Department of Hematology & Oncology, School of Medicine, Pontificia Universidad Católica de Chile, Diagonal Paraguay 362, 6th floor, Santiago, Chile.
Department of Internal Medicine, School of Medicine, Pontificia Universidad Católica de Chile, Santiago, Chile.
Horm Cancer. 2019 Feb;10(1):3-10. doi: 10.1007/s12672-018-0354-5. Epub 2018 Nov 22.
Neuroendocrine tumors (NETs) are relatively rare and highly heterogeneous neoplasms. Despite this, recent studies from North America and Central Europe have suggested an increase in incidence. In Latin America, NET data are scarce and scattered with only a few studies reporting registries. Our goal was to establish a NET registry in Chile. Here, we report the establishment and our first 166 NET patients. We observed a slight preponderance of males, a median age at diagnosis of 53 years and a median overall survival of 110 months. As anticipated, most tumors were gastroenteropancreatic (GEP). Survival analyses demonstrated that non-GEP or stage IV tumors presented significantly lower overall survival (OS). Similarly, patients with surgery classified as R0 had better OS compared to R1, R2, or no surgery. Furthermore, patients with elevated chromogranin A (CgA) or high Ki67 showed a trend to poorer OS; however, these differences did not reach statistical significance (log-rank test p = 0.07). To the best of our knowledge, this is the first report of a NET registry in Chile. Median OS in our registry (110 months) is in line with other registries from Argentina and Spain. Other variables including age at diagnosis and gender were similar to previous studies; however, our data indicate a high proportion of small-bowel NETs compared to other cohorts, reflecting the need for NET regional registries. Indeed, these registries may explain regional discrepancies in incidence and distribution, adding to our knowledge on this seemingly rare, highly heterogeneous disease.

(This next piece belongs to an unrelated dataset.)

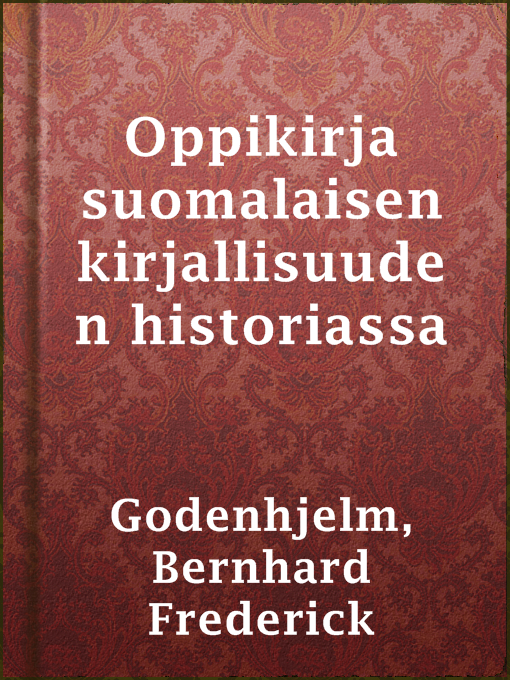 Title details for Oppikirja suomalaisen kirjallisuuden historiassa by Bernhard Frederick Godenhjelm - Available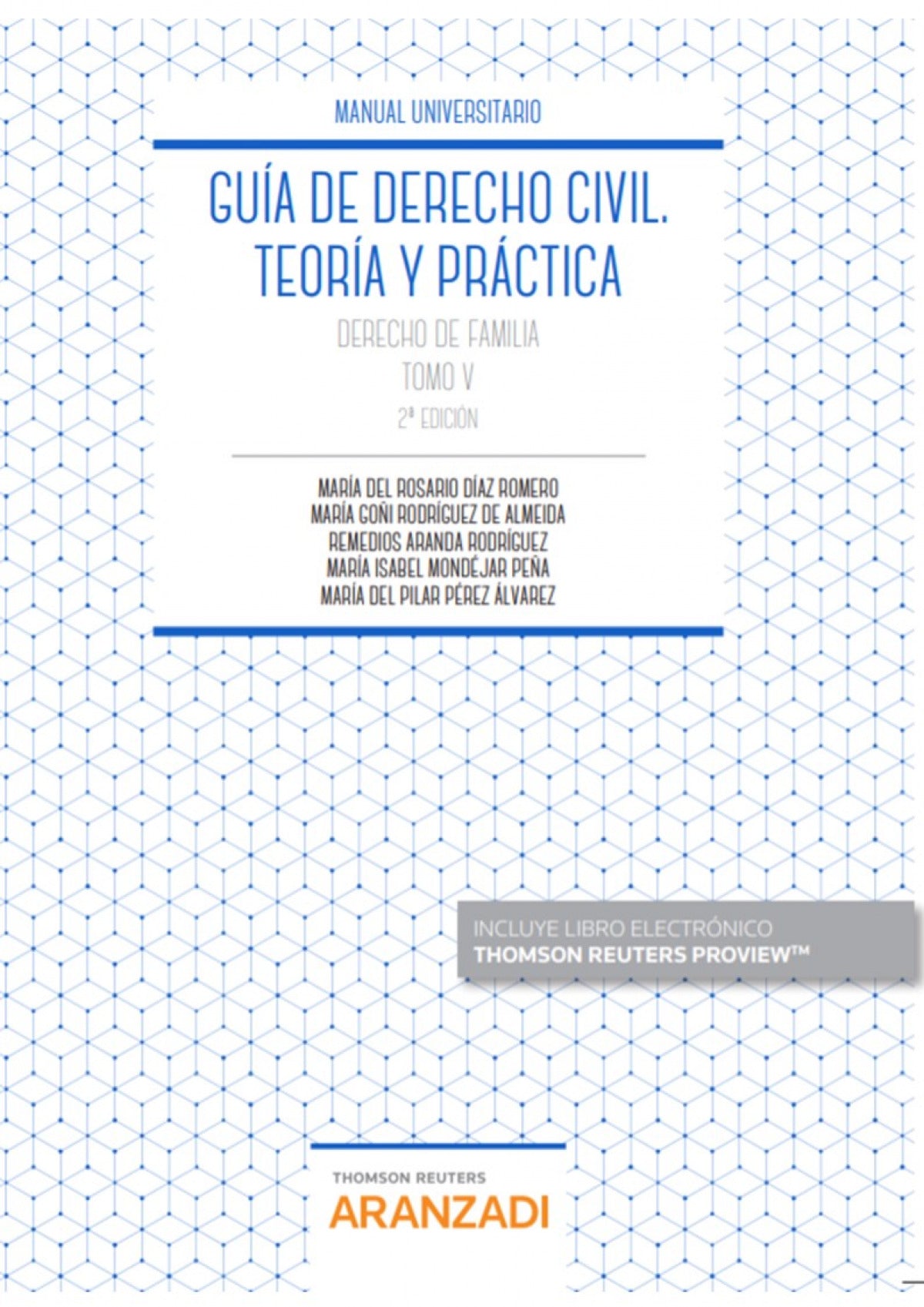 Guía de Derecho Civil. Teoría y práctica (Tomo V) (Papel + e-book): Derecho de familia Imagen principal del producto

神经内分泌肿瘤(NETs)是相对罕见且高度异质性的肿瘤。尽管如此,来自北美和中欧的最近研究表明发病率有所增加。在拉丁美洲,NET 数据稀缺且分散,只有少数研究报告了登记处。我们的目标是在智利建立一个 NET 登记处。在这里,我们报告了该登记处的建立情况以及我们的前 166 名 NET 患者。我们观察到男性略占优势,诊断时的中位年龄为 53 岁,中位总生存期为 110 个月。正如预期的那样,大多数肿瘤是胃肠胰神经内分泌肿瘤(GEP)。生存分析表明,非 GEP 或 IV 期肿瘤的总体生存率(OS)显著降低。同样,手术分类为 R0 的患者的 OS 明显优于 R1、R2 或无手术的患者。此外,CgA 升高或 Ki67 高的患者 OS 较差的趋势;然而,这些差异没有达到统计学意义(对数秩检验 p=0.07)。据我们所知,这是智利首个 NET 登记处的报告。我们的登记处的中位 OS(110 个月)与来自阿根廷和西班牙的其他登记处一致。其他变量,包括诊断时的年龄和性别,与以前的研究相似;然而,我们的数据表明,与其他队列相比,我们的小肠 NET 比例较高,这反映了需要建立 NET 区域登记处。事实上,这些登记处可能会解释发病率和分布的区域差异,增加我们对这种看似罕见、高度异质性疾病的认识。